I forgot to mention during my last post that part of what impressed me about the script was Susan’s accuracy in predicting future events. She’s ridiculed by her class for thinking that the British monetary system was decimal; she said it hadn’t happened yet. She says there’s a fifth dimension of space; okay, so she’s a few dimensions short according to current thinking, but so far as I know, nobody in 1963 was conversant in string theory.
The opening of The Cave of Skulls is a bit disappointing in comparison (synopsis). The TARDIS arrives in the past, presumably the 100,000 BC of the title of the story arc, and we’re treated to a bunch of cavemen who look about as prehistoric as 1960s Klingons look alien. A caveman named Za is trying to recreate fire by rolling a bone in his hands; apparently his father discovered fire but didn’t bother to share the recipe. I’m thinking more that fire was discovered by taking it from a lightning strike, and that once people came up with the Tom Hanks methods of baking coconuts, this became part of the cultural heritage fairly damn quickly. But Tom shouldn’t feel bad, as the Doctor has also forgotten that fire can be made without matches.

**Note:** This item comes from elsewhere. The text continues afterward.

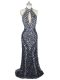 Designer Black Column/Sheath Tulle Halter Top Sleeveless Beading Zipper Evening Dress Brush Train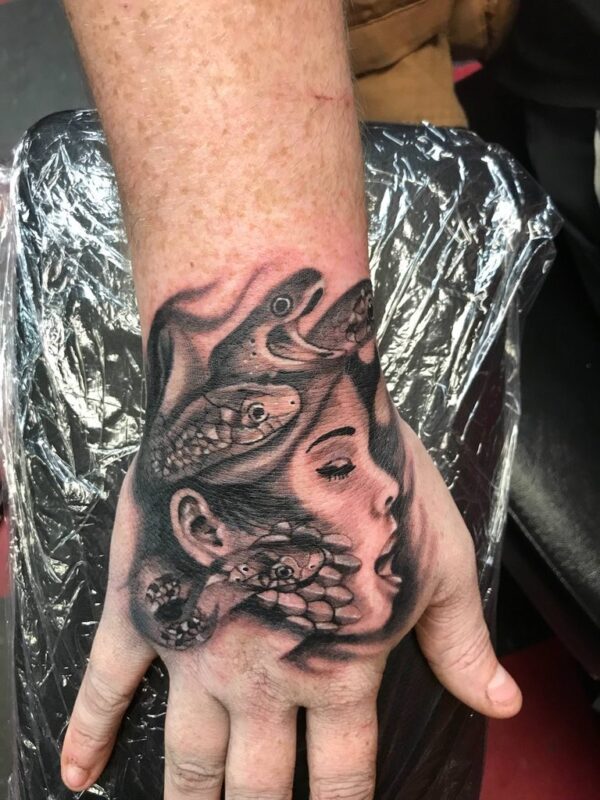 hand medusa tattoo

We’re introduced to the friendly old trope of the TARDIS not quite working properly; according to the characters, this is the first time that it gets stuck looking like a police box, and I wonder how much of the audience looked forward to the story line where it gets fixed. They’d have a long wait.
Unfortunately, Susan sort of loses it when the Doctor gets surprised by a caveman with an axe, which is fairly un-Doctorlike for that matter. This is the first time that the Doctor’s been in any trouble? You’d think Susan would be used to this by now, and she’d trust the Doctor to take care of himself. I don’t know how far along the Doctor is supposed to be in his first incarnation by the time the story begins, but unless he’s very fresh from his zeroth incarnation (or whatever the hell Time Lords are doing when they’re growing up), this seems like a rather silly way to be put in danger.
We then go back into caveman society for a tiresome expository scene, and a plot point that should give Mark Twain a screenwriter credit. It is perhaps notable that both sides of the Cro-Magnon political struggle sound awfully similar to Republican talking points; just insert “tiger” for “al-Qaeda,” and “fire” for “millimeter backscatter X-rays at every airport.”